Ein Buch zur Zeit: Metamorphosen von Herlinde Koelbl bei Steidl

Diese Fotokünstlerin hat immer wieder „aufgeweckt“ und den Zeichen der Zeit auf den Zahn gefühlt. Das Menschenbild war ihre Stärke, sei es in der Darstellung des Umfeldes, der Wohnräume, sei es ein Bild der Beziehungen, früh auch kompromisslos der sexuellen Beziehungen. In ihrem neuesten Buch zeigt sie werden und vergehen von Natur, vorwiegend pflanzliche Fundstücke, Ausschnitte aus dem Drama des Lebens. Es sprechen die Bilder, keine Theorie ist nötig.

Zur Jahreswende macht es Sinn, sich Künstlern zu widmen die über dem Tagesgeschehen stehen, sich nicht politisieren lassen, keine Angst haben vor dem Verlust an Aufmerksamkeit von den gerade aktuellen Meinungsmachern. Mit Gelassenheit und Humor können sie lange aktuell bleiben, wenn sie hinter die Eitelkeiten, Nöte und Irrtümer schauen, einen Fuß auf den Boden der Realität setzen. Was vor Jahren noch amüsante Zuspitzung war, ist heute Realität geworden.

Mit klarem Blick berichtet, wirkt Jetztzeit wie Kabarett. Übertreibung ist nicht nötig, das Tagesgeschehen ist irre genug.

Als „Nachrichten“ werden faustdicke Lügen serviert. Als Anhaltspunkt kann man die Geschichte nur mehr seitenverkehrt lesen. Als Drama werden kleine Übertretungen des herrschenden Geschmacks dargestellt, die echten Dramen verheimlicht, überspielt.
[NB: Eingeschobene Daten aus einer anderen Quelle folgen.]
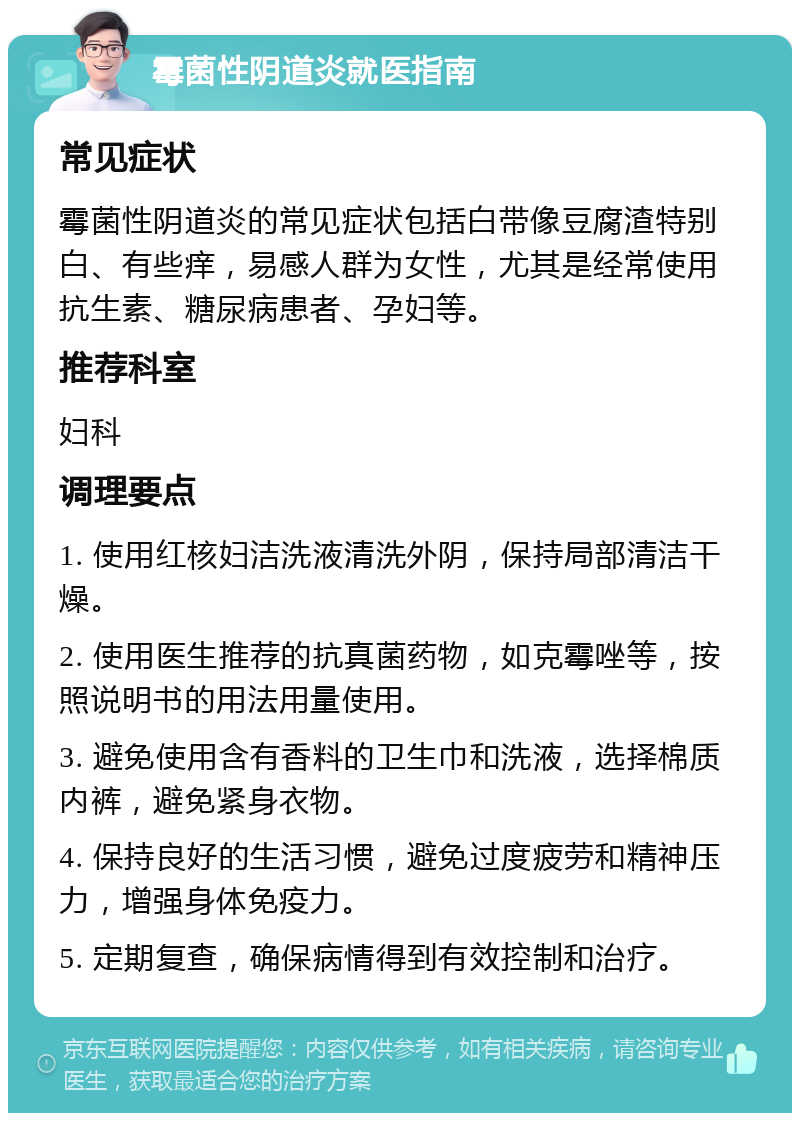 霉菌性阴道炎就医指南 常见症状 霉菌性阴道炎的常见症状包括白带像豆腐渣特别白、有些痒，易感人群为女性，尤其是经常使用抗生素、糖尿病患者、孕妇等。 推荐科室 妇科 调理要点 1. 使用红核妇洁洗液清洗外阴，保持局部清洁干燥。 2. 使用医生推荐的抗真菌药物，如克霉唑等，按照说明书的用法用量使用。 3. 避免使用含有香料的卫生巾和洗液，选择棉质内裤，避免紧身衣物。 4. 保持良好的生活习惯，避免过度疲劳和精神压力，增强身体免疫力。 5. 定期复查，确保病情得到有效控制和治疗。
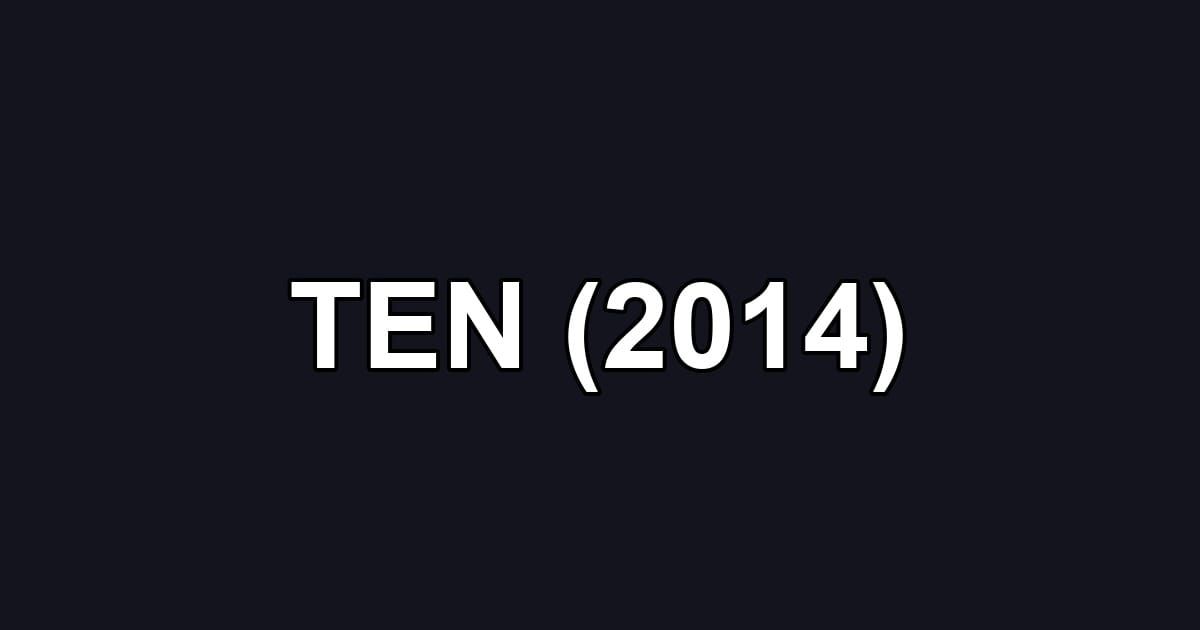 TEN (2014)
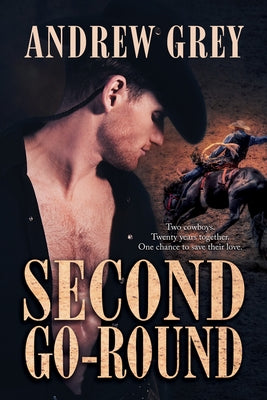 Second Go-Round Paperback Dreamspinner Press LLC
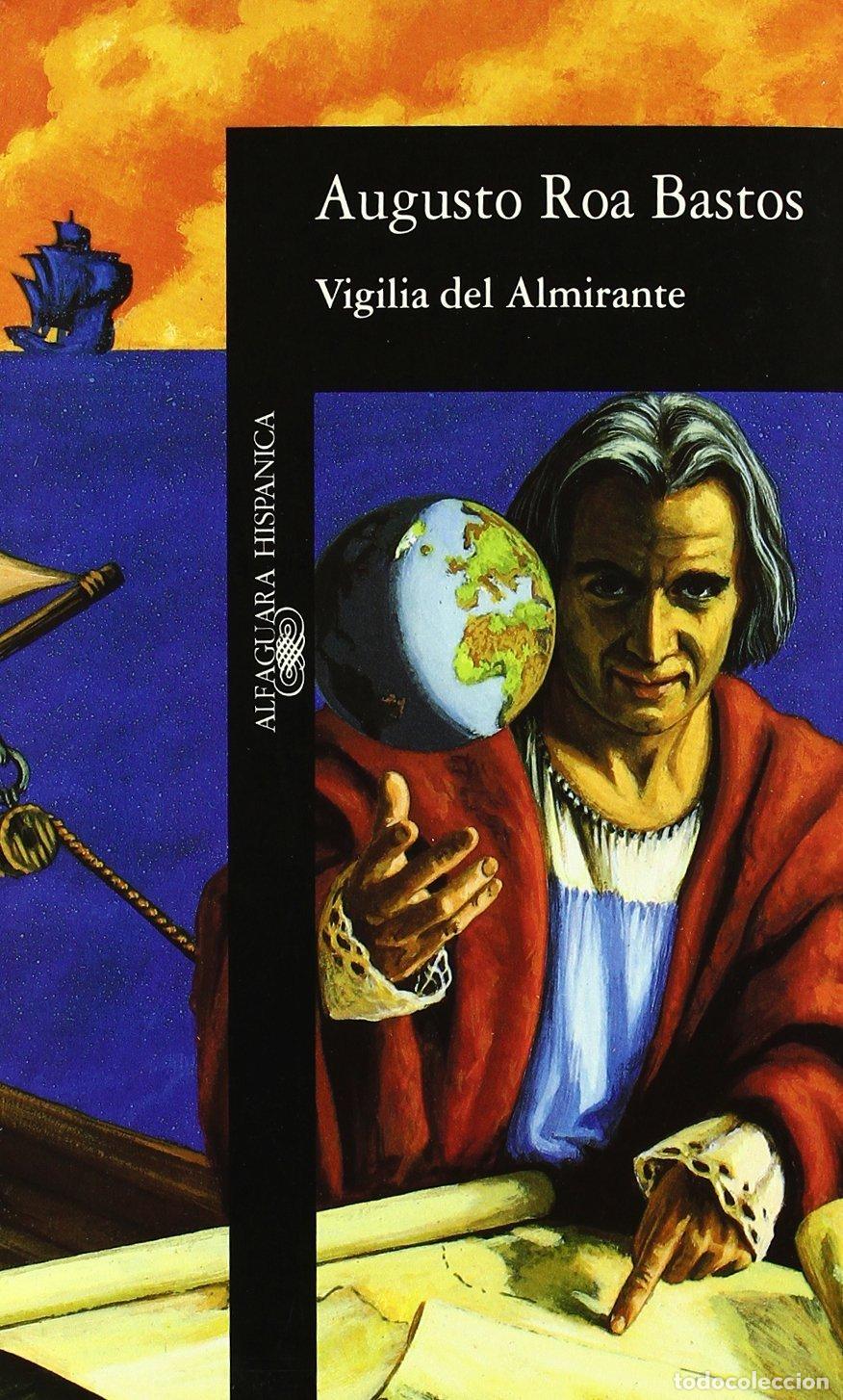Libros de segunda mano: Vigilia del Almirante - Roa Bastos, Augusto - Alfaguara - Hisp&aacute;nica, 717031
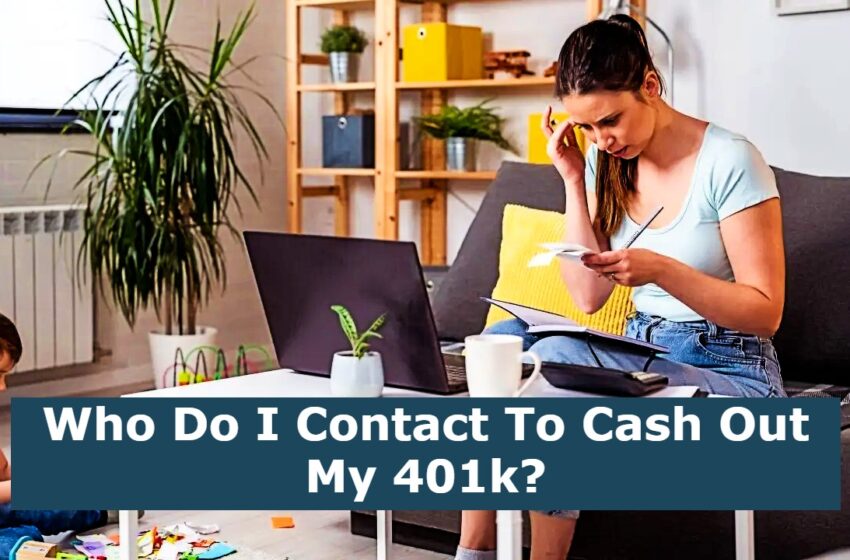  Who Do I Contact To Cash Out My 401k?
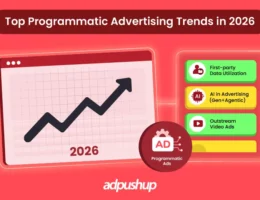 Programmatic Advertising Trends in 2026 - AdPushup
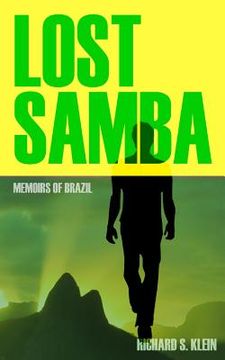 portada Lost Samba: Memoirs of Brazil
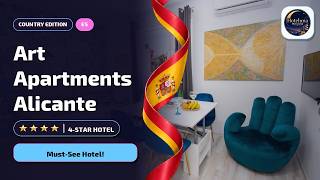 Art Apartments Alicante Review: Is It Worth It?🏨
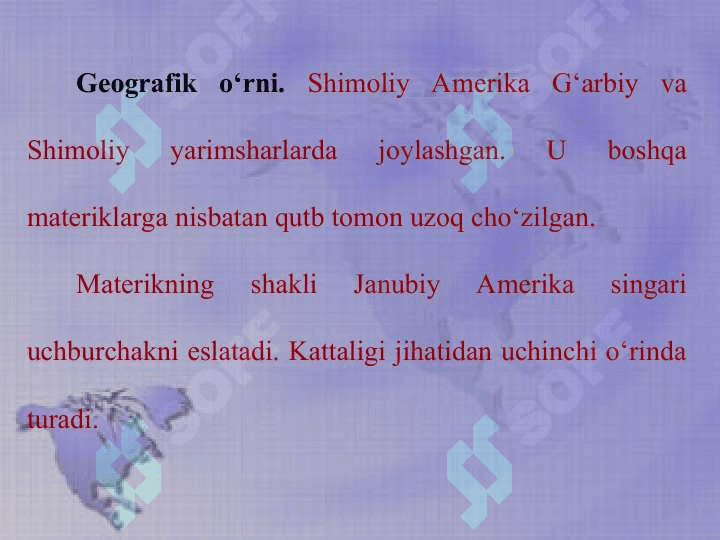 Shimoliy Amerika materigi.Geografik o‘rni, o‘rganilish tarixi, geologik tuzilishi, foydali qazilmalari, relyefi. 3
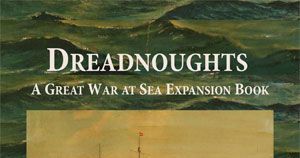 Great War at Sea: Dreadnoughts | Board Game | BoardGameGeek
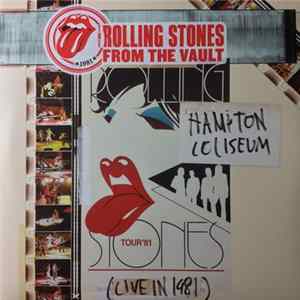 The Rolling Stones - Hampton Coliseum (Live In 1981) FLAC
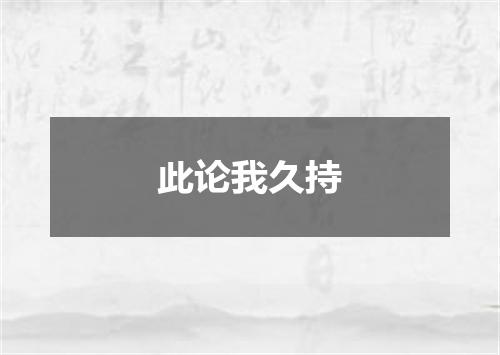 此论我久持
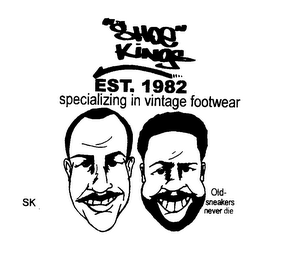 "SHOE" KINGS EST. 1982 SPECIALIZING IN VINTAGE FOOTWEAR SK OLD-SNEAKERS NEVER DIE logo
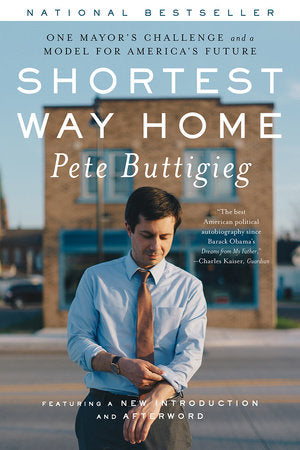 Shortest Way Home TR by Pete Buttigieg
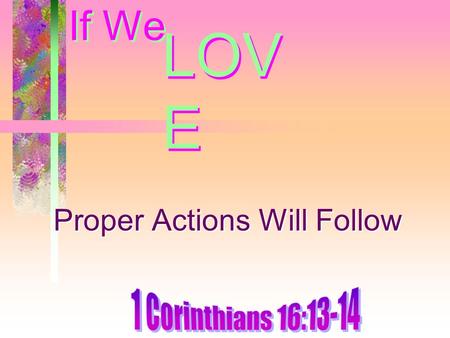 If We Proper Actions Will Follow LOV E. Introduction Love the Lord and truth – Obedience follows –Acts 2:38, 41 More dedicated members – if there is love.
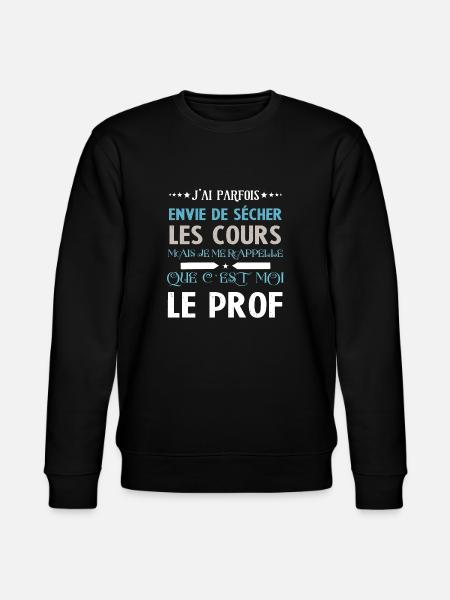 Prof Meilleur Professeur - Sweat bio CHANGER Stanley/Stella Unisexe - noir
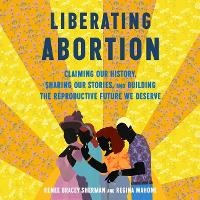 Enlarge image Cover: Liberating Abortion - HarperCollins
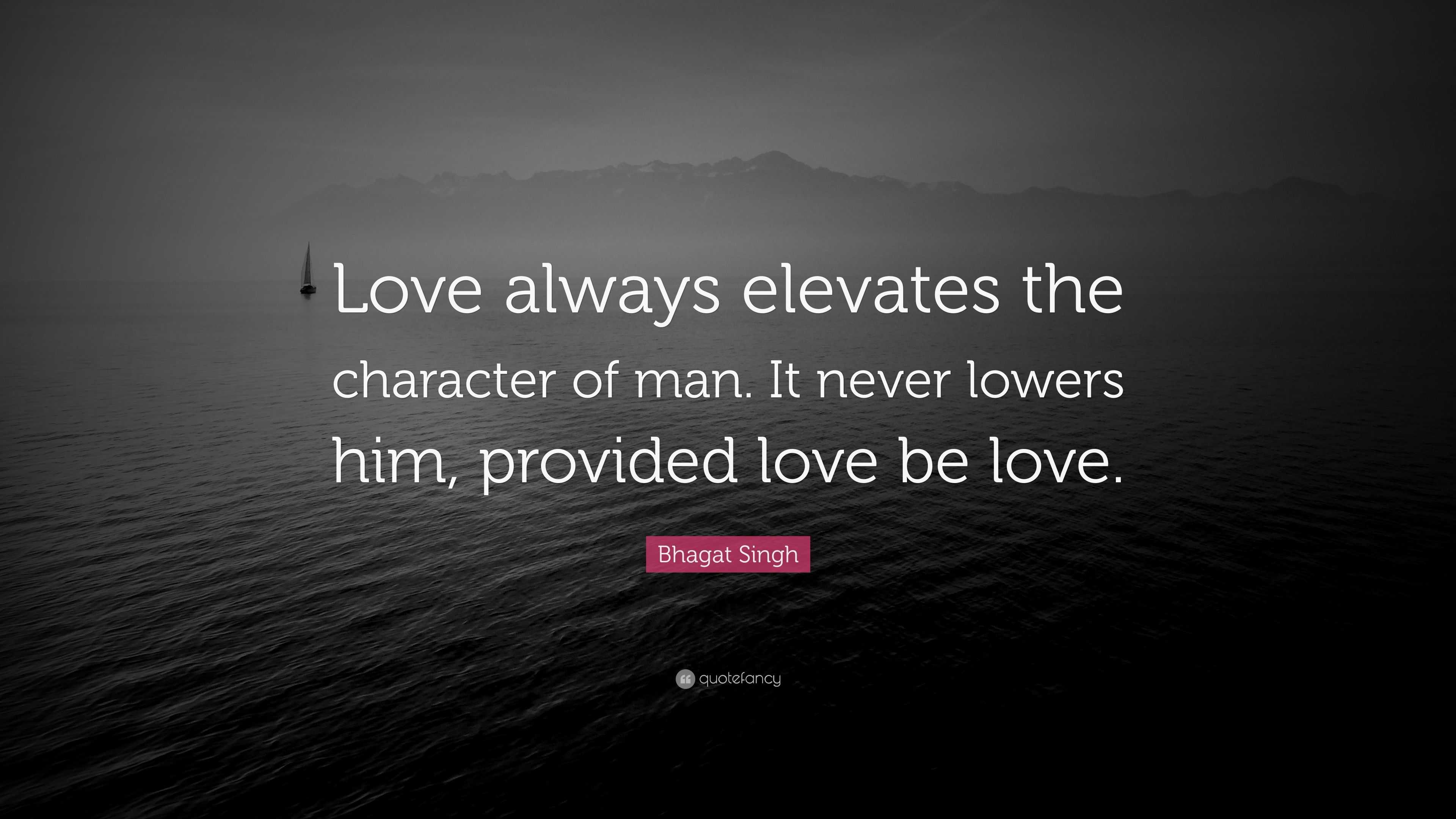 Bhagat Singh Quote: “Love always elevates the character of man. It ...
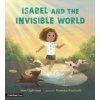 Isabel and the Invisible World - Alan Lightman, Walker Books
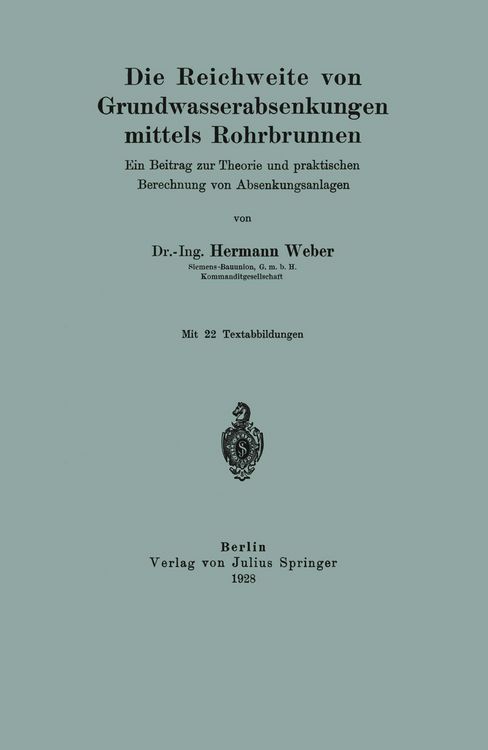 Produktbild: Die Reichweite von Grundwasserabsenkungen mittels Rohrbrunnen
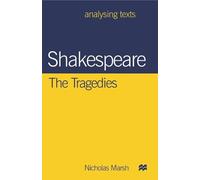 Nicholas Marsh Shakespeare: The Tragedies (Tascabile) Analysing Texts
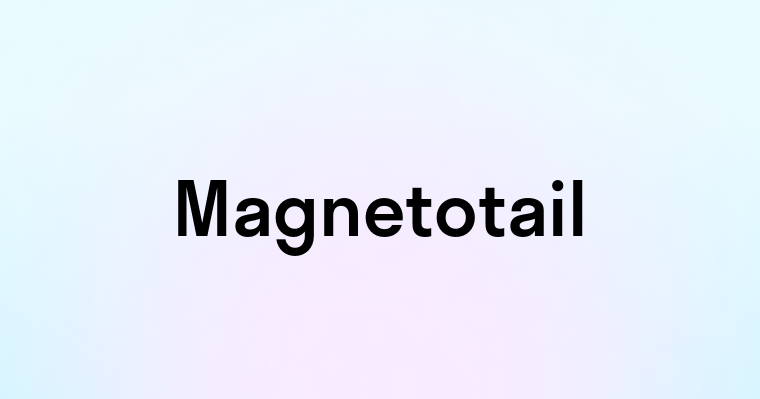 Magnetotail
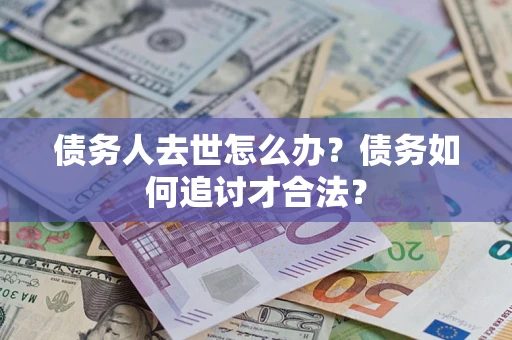 北京债务人去世怎么办？债务如何追讨才合法？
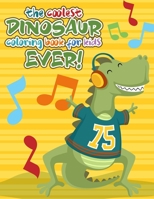 The Coolest Dinosaur Coloring Book for Kids Ever!: Coloring & Activity Book for Ages 2-8. Beautifully illustrated Large Coloring Pages With Dot to Dot and Maze Pages 1086001672 Book Cover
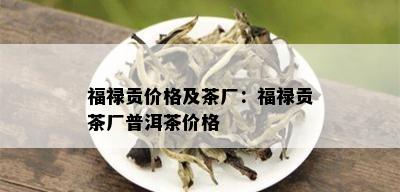 福禄贡价格及茶厂：福禄贡茶厂普洱茶价格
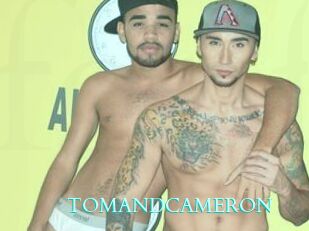 TOMANDCAMERON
Viele Menschen ziehen sich zurück auf unmittelbar private, notwendige Dinge. Ein politischer Diskurs kostet viel Kraft und Emotion. Demokratie gibt es nicht mehr und die Fäden werden nicht vorwiegend in der Politik gezogen. Widerstand wird zum kreativen Spiel. Schaukämpfe sind schwer zu durchschauen. Sicher ist nur was sich andere Kanäle geschaffen hat. Zensur wird zunehmend enttarnt. Vernetzung geschieht immer wieder neu und Protestformen ändern sich. Intuition geht leichter wenn man den Aufregungszirkus meidet.